Hij ziet het struiklen van de grijsheid;
Hij ziet het dwalen van de jeugd;
Zijn liefde draagt ons, en zijn wijsheid
Roept ons, door lief en leed, tot deugd.
| |
VIII.Bid steeds, en zie met blijder oogen
Het eeuwig heil, u toebereid:
Proef, door 't geloof u zelf onttoogen,
Den voorsmaak van de zaligheid.
Een heil van millioenen jaren,
Dat is bij 't heil,.... hoe stamel ik?
Bij 't geen ons God zal openbaaren,
Bij 't eeuwig heil, - geen oogenblik.
| |
[pagina 325]
| |
IX.Bid steeds; - maar wat zou 't bidden baten?

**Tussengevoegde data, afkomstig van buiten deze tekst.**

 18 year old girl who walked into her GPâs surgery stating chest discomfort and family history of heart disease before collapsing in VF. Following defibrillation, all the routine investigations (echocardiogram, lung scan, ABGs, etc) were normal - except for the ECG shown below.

De zondaar moest van verre staan,
De zondaar moest het bidden laten,
Had Jesus niet aan God voldaan.
Bid steeds; er is genaê gevonden,
De schulden zijn voor ons geboet:
Schoon wij die liefde niet doorgronden,
Vertrouw op Jesus offerbloed.
| |
X.Bid steeds in stille en eenzaame oorden;
Ontdek vrijmoedig God uw smart;
Hij schat het hart niet naar de woorden,
Maar wel de woorden naar het hart.
Geen bange zugten, heete tranen,
Geen teder woord, geen droeve toon,
Niets kan den weg ten hemel banen,
't Geloof alleen in 's Vaders Zoon.
| |
[pagina 326]
| |
XI.Bid steeds; God woont in alle streeken;
Daar menschen zijn, leent God het oor.
Denk niet: ‘'k zal t' saam met andren smeeken,
Zo vind ik eer bij God gehoor.’
God zal u gaarn uw wensch verleenen,
Zoo ge iets begeert naar zijn gebod;
Zoo niet, dan baat u zelfs het weenen
Der gansche weereld niets bij God.
| |
XII.Maar paar ook plegtig hart en handen
Met Gods gemeinte, in Jesus naam,
En kom, tot geestlijke offeranden,
Gedurig met uw broedren t'saam;
Om zo uw godvrugt hun te ontdekken,
Gelijk uw broeder ze u ontdekt;
En door uw ijver hem te wekken,
Gelijk hij u tot ijver wekt.
| |
[pagina 327]
| |
XIII.Bid met uw magen, met uw vrienden;
Denk, dat men op uw voorbeeld let,
En vier, met uwe huisbedienden,
De daaglijksche uuren van 't gebed.
Nooit moetge u 't heil der zielen schamen,
Die God aan u heeft toebetrouwd;
Het zal uw heil veraangenamen,
Zoo ge in uw huis Gods tempel bouwt.
| |
XIV.Doe voor uw broedren uw gebeden,
Voor alle menschen, als hun vrind;
Denk, dat ge in hun uw medeleden,
In vijanden ook menschen vindt.
Bid steeds; zo zal uw liefde gloeien,
Zo vindt gij troost in ongeneugt,
Zo zal 't geloofs vertrouwen groeien,
Zo zult gij wijs zijn tot de deugd.
| |
[pagina 328]
| |
XVZiet ge in uw bidden veel gebreken;
Denk, dat uw borg gebeden heeft,
En dat Hij, om voor u te spreken,
Ook eeuwig als uw Priester leeft.
Bid steeds, bij dagen en bij nagten;
Geloof aan Gods onfeilbaar woord;
Gij moogt, gij moet verhooring wagten:
Uw Voorspraak bidt, en wordt verhoord.